### Activity
Look below for the line containing "مكونات دراسة الجدوى" and the line containing "Culti Milano Raumduft|Diffusor Gioia", then set down both and every line between them exactly, without pictures.

### Data records
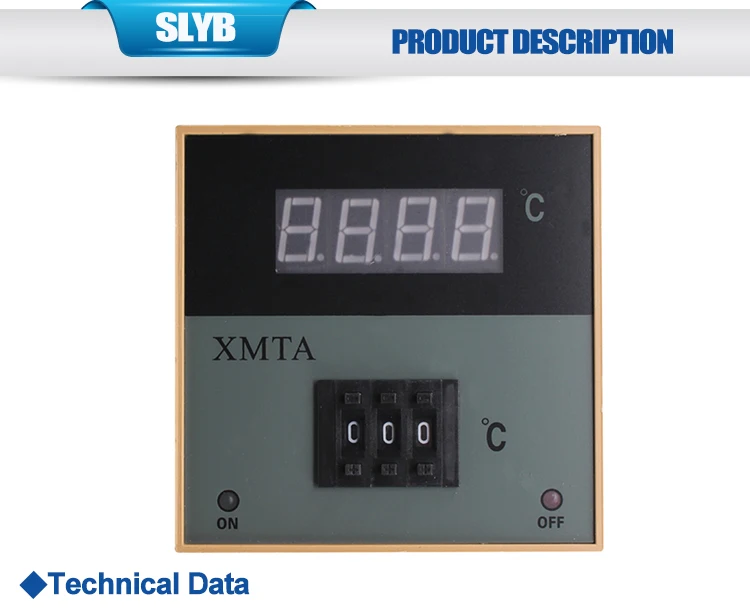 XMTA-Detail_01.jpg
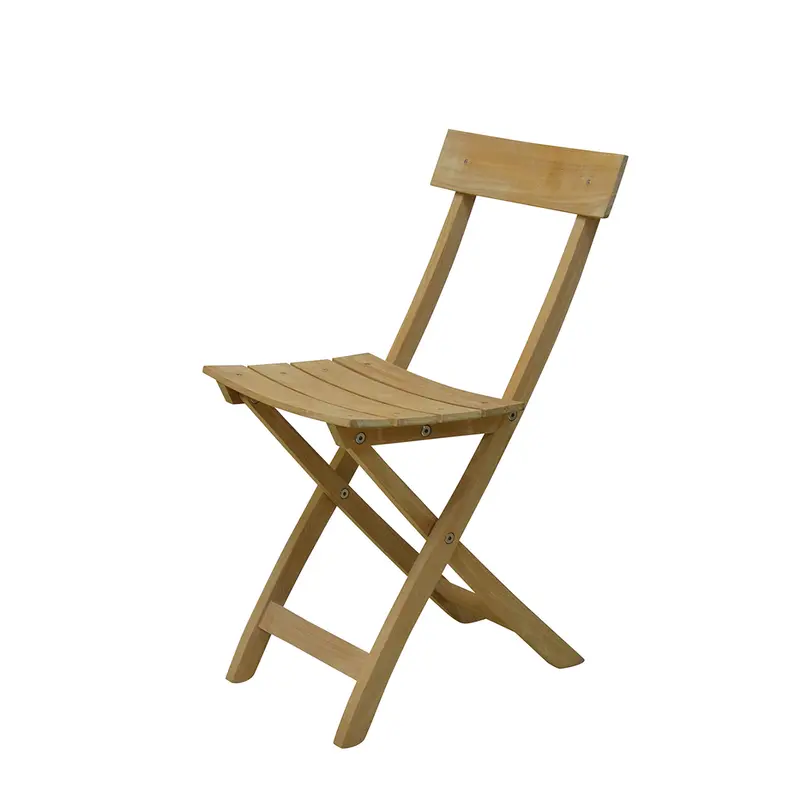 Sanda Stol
* * *
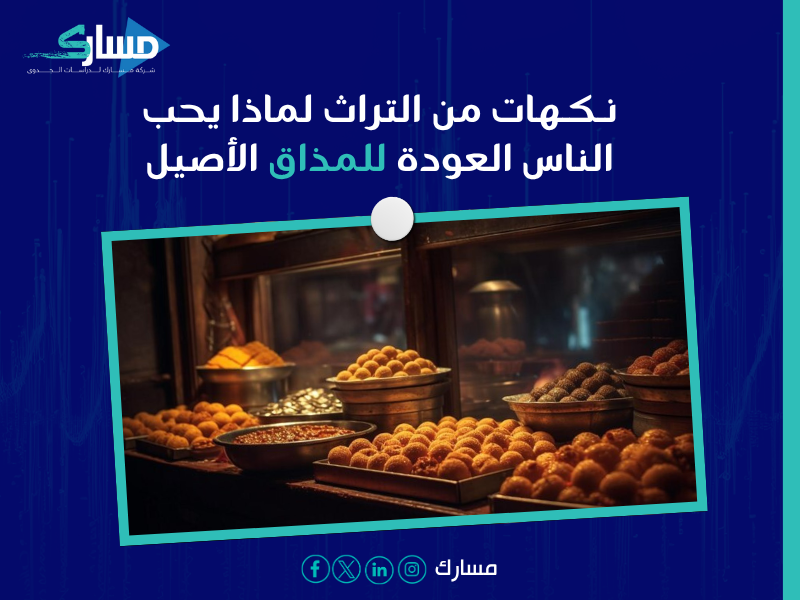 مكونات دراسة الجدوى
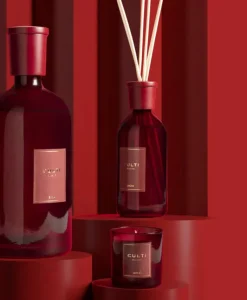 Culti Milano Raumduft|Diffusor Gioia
==
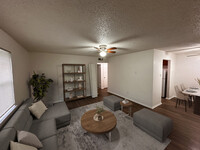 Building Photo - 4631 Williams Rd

### Response to the exercise
 مكونات دراسة الجدوى
 Culti Milano Raumduft|Diffusor Gioia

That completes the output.